■ **Exercise data**

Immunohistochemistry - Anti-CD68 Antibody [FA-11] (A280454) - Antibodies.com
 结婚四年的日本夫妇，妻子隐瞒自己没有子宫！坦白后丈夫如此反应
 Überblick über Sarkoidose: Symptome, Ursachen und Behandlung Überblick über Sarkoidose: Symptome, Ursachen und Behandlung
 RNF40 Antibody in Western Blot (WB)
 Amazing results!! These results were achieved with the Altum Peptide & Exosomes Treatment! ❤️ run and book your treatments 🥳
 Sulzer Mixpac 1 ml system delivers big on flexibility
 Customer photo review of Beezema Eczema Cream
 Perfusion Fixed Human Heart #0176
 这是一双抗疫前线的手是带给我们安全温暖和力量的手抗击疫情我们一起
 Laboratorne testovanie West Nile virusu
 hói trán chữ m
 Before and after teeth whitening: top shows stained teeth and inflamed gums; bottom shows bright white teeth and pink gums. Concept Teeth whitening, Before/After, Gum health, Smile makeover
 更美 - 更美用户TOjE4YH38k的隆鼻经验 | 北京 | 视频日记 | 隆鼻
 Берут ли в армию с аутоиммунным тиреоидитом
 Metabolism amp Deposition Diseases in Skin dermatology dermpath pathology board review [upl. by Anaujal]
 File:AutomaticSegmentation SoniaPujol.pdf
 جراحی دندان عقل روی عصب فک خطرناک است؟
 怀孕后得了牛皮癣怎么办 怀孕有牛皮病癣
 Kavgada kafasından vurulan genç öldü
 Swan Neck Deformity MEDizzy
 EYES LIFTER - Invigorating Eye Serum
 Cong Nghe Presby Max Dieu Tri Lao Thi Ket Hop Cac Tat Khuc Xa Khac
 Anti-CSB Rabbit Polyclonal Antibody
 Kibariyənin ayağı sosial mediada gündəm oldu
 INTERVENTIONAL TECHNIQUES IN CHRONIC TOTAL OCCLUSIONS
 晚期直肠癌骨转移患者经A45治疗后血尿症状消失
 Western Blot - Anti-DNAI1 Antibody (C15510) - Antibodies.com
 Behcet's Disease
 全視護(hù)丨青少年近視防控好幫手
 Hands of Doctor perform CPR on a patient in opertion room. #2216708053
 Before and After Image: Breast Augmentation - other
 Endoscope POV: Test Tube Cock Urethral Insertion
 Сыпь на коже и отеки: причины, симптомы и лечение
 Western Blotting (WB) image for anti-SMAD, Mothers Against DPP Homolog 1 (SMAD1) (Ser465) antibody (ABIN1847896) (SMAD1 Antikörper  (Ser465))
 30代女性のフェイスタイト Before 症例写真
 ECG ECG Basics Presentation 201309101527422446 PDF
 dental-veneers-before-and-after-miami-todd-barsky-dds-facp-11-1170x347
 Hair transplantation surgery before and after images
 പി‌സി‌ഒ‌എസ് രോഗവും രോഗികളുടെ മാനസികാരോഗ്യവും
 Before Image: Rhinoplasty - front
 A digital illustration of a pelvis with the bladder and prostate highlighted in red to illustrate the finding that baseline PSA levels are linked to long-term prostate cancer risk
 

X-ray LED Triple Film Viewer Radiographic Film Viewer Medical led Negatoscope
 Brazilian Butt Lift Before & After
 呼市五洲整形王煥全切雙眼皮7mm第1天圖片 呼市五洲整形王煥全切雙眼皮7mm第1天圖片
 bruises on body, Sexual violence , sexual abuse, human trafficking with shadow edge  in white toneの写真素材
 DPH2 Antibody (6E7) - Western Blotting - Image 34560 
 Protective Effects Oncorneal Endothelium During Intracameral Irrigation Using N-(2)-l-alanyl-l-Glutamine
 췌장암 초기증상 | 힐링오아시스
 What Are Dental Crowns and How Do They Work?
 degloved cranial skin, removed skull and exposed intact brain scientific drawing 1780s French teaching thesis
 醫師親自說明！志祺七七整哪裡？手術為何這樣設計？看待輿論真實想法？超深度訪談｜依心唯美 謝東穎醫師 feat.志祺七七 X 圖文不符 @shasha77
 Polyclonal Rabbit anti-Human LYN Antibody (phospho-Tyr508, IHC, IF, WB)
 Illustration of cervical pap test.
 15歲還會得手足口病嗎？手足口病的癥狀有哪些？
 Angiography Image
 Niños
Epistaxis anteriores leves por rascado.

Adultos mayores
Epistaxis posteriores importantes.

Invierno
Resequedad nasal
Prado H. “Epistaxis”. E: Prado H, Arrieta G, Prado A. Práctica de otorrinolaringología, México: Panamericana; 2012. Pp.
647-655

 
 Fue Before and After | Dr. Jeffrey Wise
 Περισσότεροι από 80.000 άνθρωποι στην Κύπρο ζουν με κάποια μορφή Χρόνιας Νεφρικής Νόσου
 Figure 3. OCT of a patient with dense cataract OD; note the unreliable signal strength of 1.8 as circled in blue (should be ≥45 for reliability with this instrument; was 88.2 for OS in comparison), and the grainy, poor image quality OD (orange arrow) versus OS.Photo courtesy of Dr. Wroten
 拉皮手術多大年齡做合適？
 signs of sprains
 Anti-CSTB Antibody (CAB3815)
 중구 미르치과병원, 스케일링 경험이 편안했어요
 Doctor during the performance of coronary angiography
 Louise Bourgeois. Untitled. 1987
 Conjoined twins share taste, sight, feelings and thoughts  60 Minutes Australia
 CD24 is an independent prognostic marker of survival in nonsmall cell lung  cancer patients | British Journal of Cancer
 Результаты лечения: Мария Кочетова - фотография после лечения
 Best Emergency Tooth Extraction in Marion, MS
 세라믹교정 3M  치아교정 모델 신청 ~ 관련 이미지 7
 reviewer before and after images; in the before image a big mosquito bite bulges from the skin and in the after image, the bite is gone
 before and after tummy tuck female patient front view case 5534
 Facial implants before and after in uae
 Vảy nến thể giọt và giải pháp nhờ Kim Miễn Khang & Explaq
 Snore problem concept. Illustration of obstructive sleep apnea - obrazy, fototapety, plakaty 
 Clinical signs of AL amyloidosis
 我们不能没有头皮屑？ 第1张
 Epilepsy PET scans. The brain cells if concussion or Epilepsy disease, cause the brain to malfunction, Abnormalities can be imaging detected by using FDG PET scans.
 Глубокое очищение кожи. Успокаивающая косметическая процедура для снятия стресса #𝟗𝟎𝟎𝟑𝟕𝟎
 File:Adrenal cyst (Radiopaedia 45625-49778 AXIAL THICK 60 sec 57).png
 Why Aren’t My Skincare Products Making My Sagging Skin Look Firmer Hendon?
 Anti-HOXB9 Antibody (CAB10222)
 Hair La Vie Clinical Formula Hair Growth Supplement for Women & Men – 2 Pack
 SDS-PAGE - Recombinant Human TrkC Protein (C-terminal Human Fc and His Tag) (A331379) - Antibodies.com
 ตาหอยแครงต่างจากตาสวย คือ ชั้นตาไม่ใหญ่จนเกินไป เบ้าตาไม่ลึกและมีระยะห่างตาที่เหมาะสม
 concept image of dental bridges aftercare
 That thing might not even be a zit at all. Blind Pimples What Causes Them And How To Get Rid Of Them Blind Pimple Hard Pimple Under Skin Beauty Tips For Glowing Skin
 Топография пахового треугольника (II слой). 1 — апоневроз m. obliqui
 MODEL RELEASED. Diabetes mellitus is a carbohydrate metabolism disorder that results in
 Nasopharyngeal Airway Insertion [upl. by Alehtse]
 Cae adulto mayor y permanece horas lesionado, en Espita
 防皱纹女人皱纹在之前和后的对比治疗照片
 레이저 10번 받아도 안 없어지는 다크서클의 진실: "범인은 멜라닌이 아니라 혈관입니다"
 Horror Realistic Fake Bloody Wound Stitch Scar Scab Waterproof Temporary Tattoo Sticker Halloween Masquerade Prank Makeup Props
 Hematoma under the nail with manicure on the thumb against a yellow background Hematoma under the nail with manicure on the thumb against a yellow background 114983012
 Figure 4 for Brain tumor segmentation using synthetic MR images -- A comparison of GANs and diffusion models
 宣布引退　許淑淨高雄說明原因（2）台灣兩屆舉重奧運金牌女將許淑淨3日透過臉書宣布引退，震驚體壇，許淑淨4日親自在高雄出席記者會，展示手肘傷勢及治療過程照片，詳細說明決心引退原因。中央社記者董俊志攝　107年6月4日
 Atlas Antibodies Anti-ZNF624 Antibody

■ **Work to be completed**
From the line containing "INTERVENTIONAL TECHNIQUES IN" down to the line containing "Сыпь на коже" in the material above, reproduce every line exactly, including the two end lines.

■ **Task result**
 INTERVENTIONAL TECHNIQUES IN CHRONIC TOTAL OCCLUSIONS
 晚期直肠癌骨转移患者经A45治疗后血尿症状消失
 Western Blot - Anti-DNAI1 Antibody (C15510) - Antibodies.com
 Behcet's Disease
 全視護(hù)丨青少年近視防控好幫手
 Hands of Doctor perform CPR on a patient in opertion room. #2216708053
 Before and After Image: Breast Augmentation - other
 Endoscope POV: Test Tube Cock Urethral Insertion
 Сыпь на коже и отеки: причины, симптомы и лечение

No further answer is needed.